REQUIRED WORK — What is needed is an exact repeat of the lines from the one holding "Used 2021 Chevrolet" through the final line of the data, with no pictures.

Start of INFORMATION PROVIDED

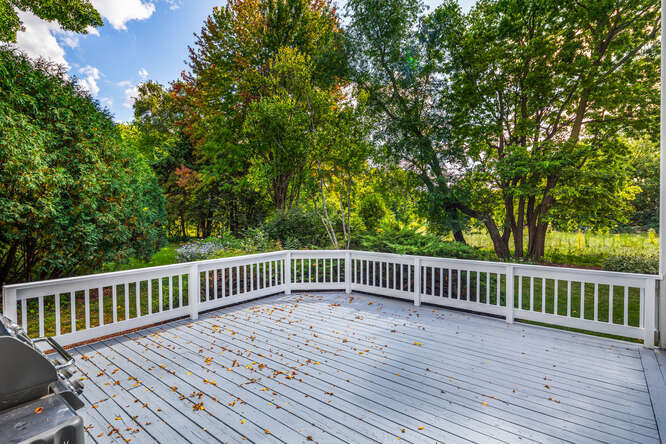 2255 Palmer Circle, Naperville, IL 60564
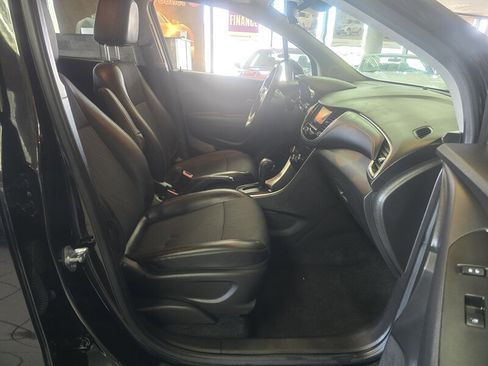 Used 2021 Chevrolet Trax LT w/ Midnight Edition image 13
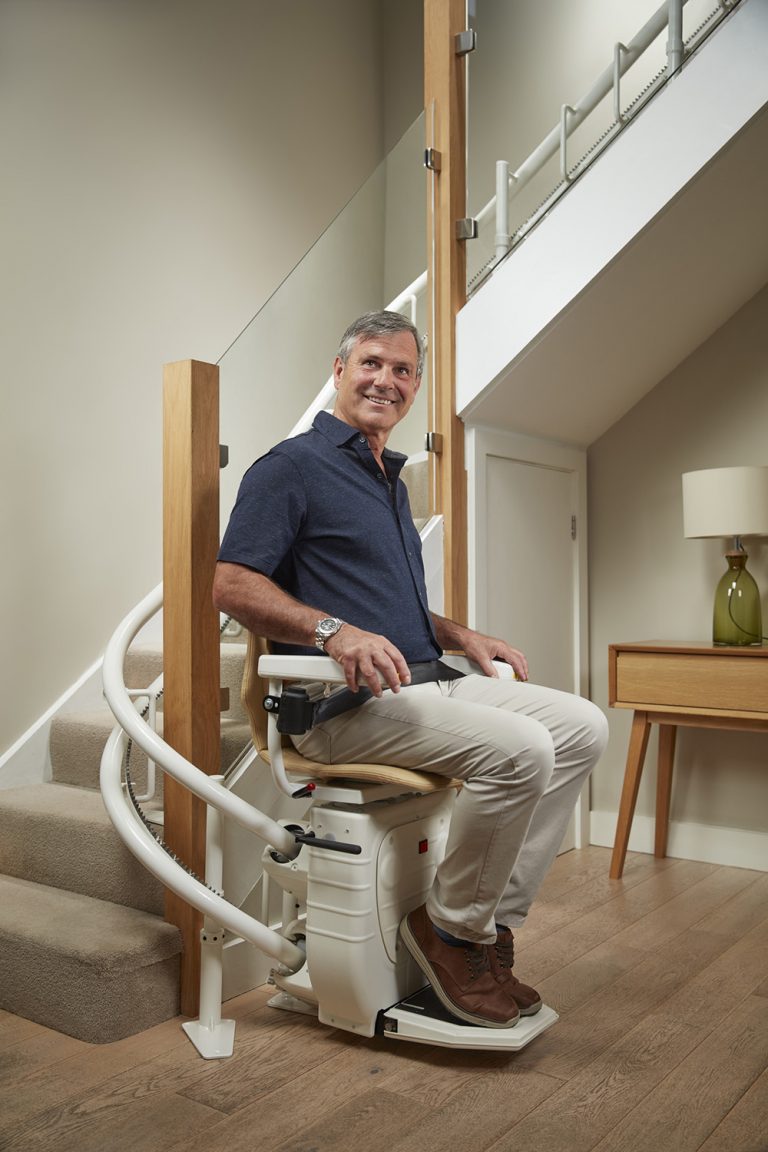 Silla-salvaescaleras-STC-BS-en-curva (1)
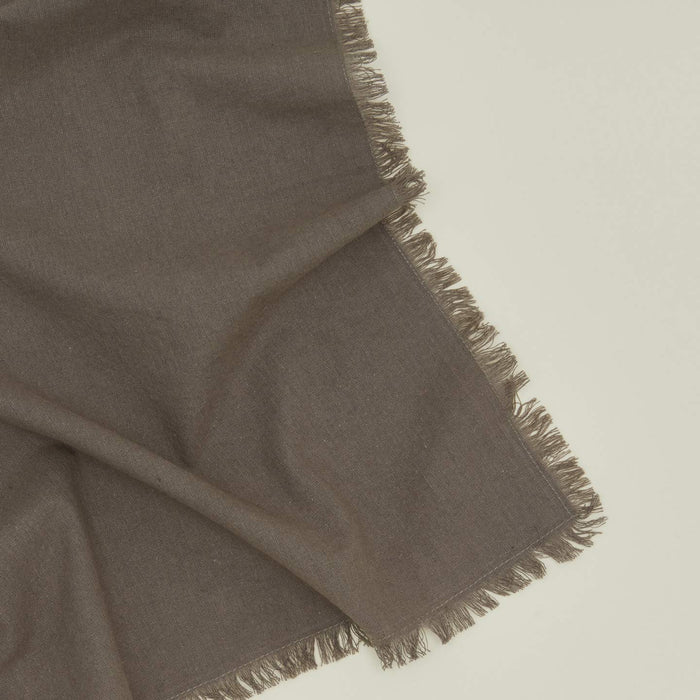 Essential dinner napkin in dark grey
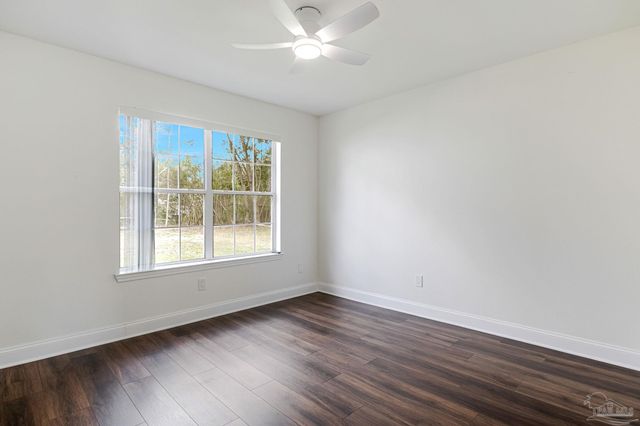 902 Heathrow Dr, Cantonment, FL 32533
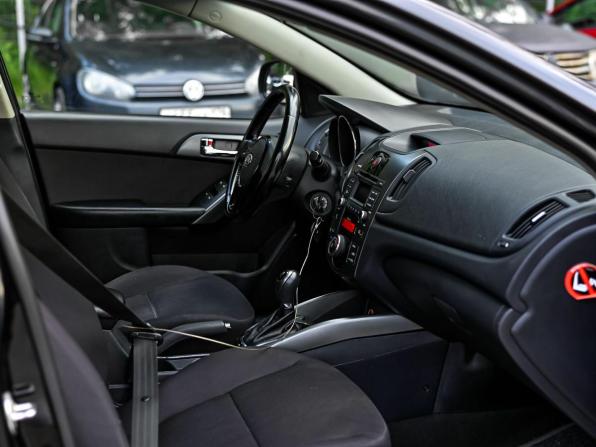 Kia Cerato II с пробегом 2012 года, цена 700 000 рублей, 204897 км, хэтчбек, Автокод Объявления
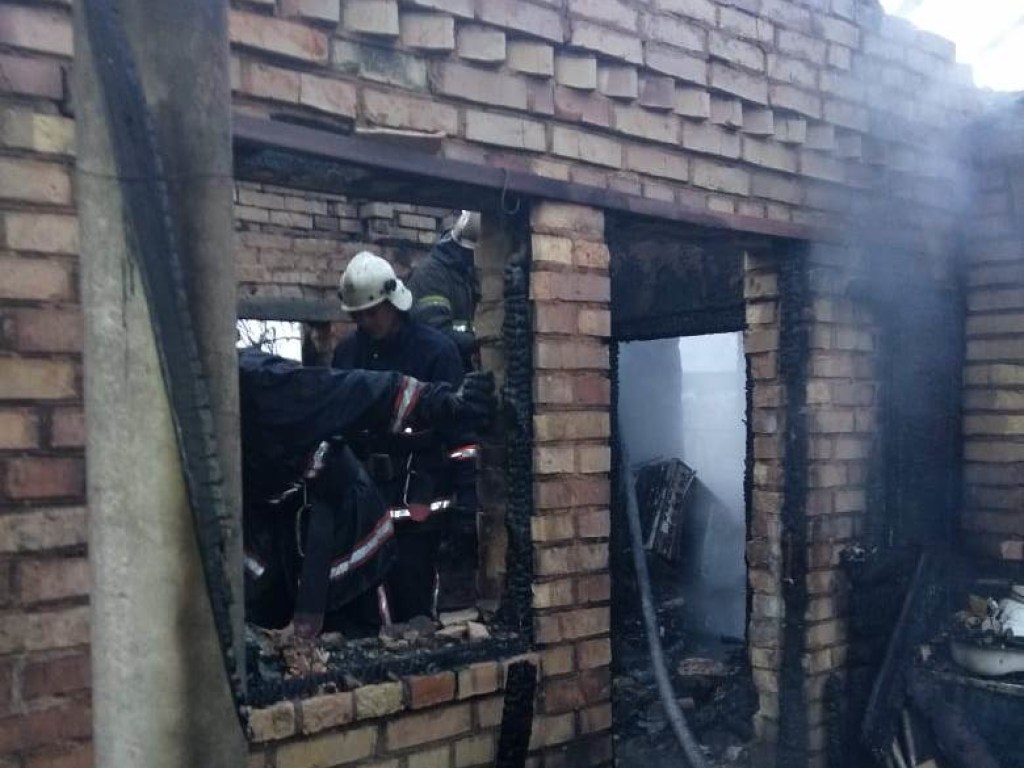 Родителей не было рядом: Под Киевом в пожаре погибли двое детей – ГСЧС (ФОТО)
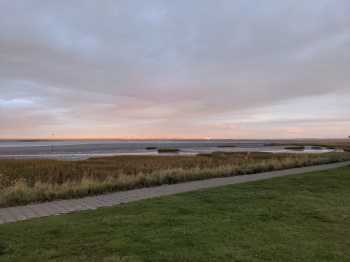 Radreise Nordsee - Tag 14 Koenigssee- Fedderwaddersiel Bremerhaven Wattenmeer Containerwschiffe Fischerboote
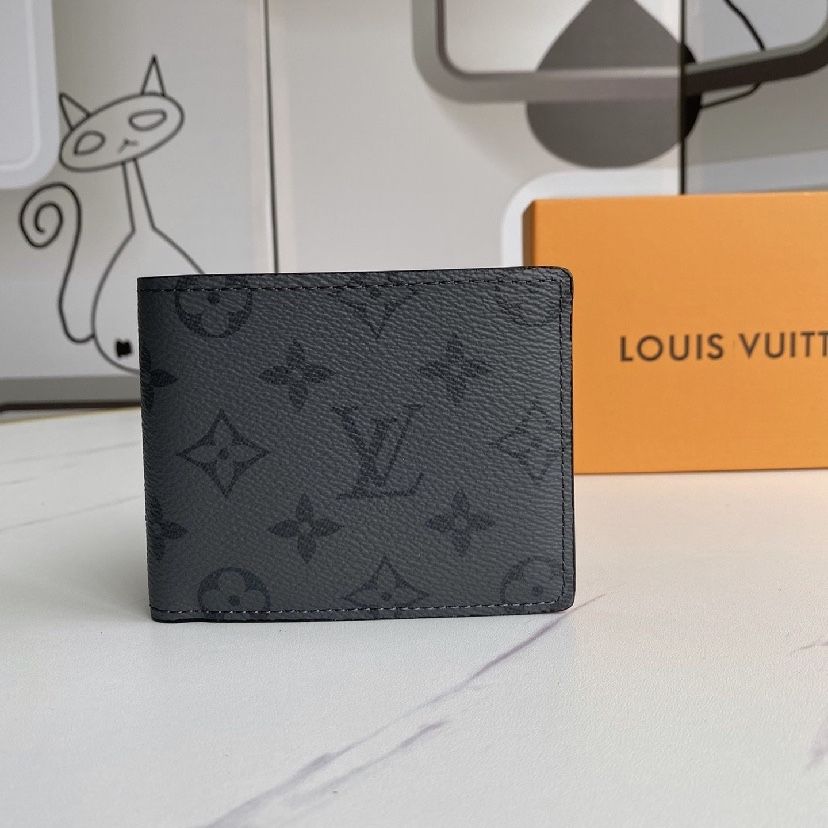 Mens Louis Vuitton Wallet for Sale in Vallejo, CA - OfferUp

End of INFORMATION PROVIDED

ANSWER TO THE PROBLEM —
 Used 2021 Chevrolet Trax LT w/ Midnight Edition image 13
 Silla-salvaescaleras-STC-BS-en-curva (1)
 Essential dinner napkin in dark grey
 902 Heathrow Dr, Cantonment, FL 32533
 Kia Cerato II с пробегом 2012 года, цена 700 000 рублей, 204897 км, хэтчбек, Автокод Объявления
 Родителей не было рядом: Под Киевом в пожаре погибли двое детей – ГСЧС (ФОТО)
 Radreise Nordsee - Tag 14 Koenigssee- Fedderwaddersiel Bremerhaven Wattenmeer Containerwschiffe Fischerboote
 Mens Louis Vuitton Wallet for Sale in Vallejo, CA - OfferUp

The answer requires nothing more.